Le Fouquet's
« Paris 8e : le retour de Julien Chicoisne au Fouquet’s »
Il y a comme un air de fête retrouvée sur la plus célèbre avenue du monde. Au cœur des Champs-Élysées, la mythique brasserie Fouquet’s signe le grand retour de Julien Chicoisne, l’ex chef exécutif du groupe Paris-Society, où l’on se souvient qu’il veillait sur une quarantaine d’établissements et d’ouverture. Le voici amincé, rajeuni, après une trop longue absence. Et, avec lui, c’est le retour à Paris avec un déjeuner dominical qui renoue avec l’esprit des grandes maisons : élégance, générosité, précision. Sous l’impulsion du Groupe Barrière et la houlette du chef à demeure, le fidèle Bruno Guéret, la table retrouve ce supplément d’âme qui fait les adresses intemporelles.
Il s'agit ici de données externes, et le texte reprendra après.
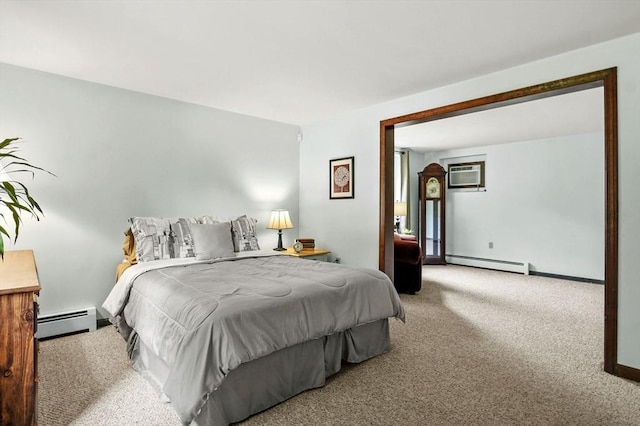 8 Messina Cir, Methuen, MA 01844 - carpeted bedroom with baseboard heating and a wall mounted AC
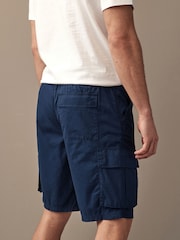 Navy Lightweight Cargo Shorts - Image 4 of 11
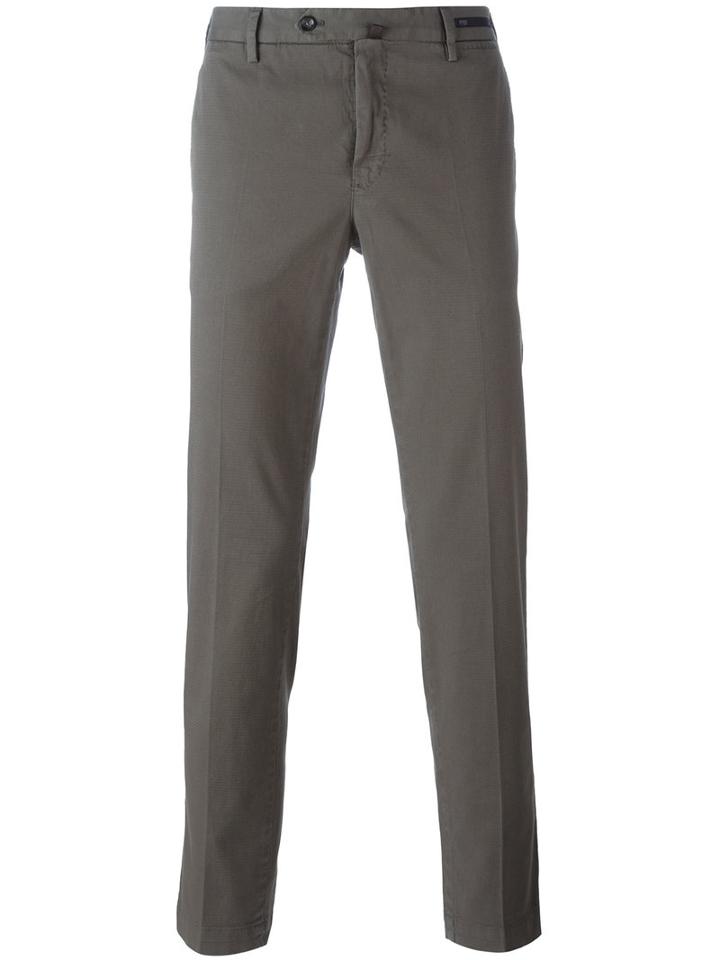 Pt01 Classic Chinos, Men's, Size: 46, Green, Cotton/spandex/elastane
Le ton est donné d’emblée avec une tarte fine au saumon mariné et œufs de saumon, toute en fraîcheur iodée, croustillante dessous, soyeuse dessus. La tarte de bœuf au caviar joue la partition du chic parisien, mariage terre-mer audacieux mais maîtrisé, tandis que les madeleines salées, tièdes et moelleuses, rappellent que la gourmandise sait aussi se faire canaille. Le carpaccio de gambero rosso, d’une délicatesse presque sucrée, ou les ravioles de langoustines, nappées d’une sauce bisque profonde et concentrée, traduisent le sens de la sauce juste et du produit sûr.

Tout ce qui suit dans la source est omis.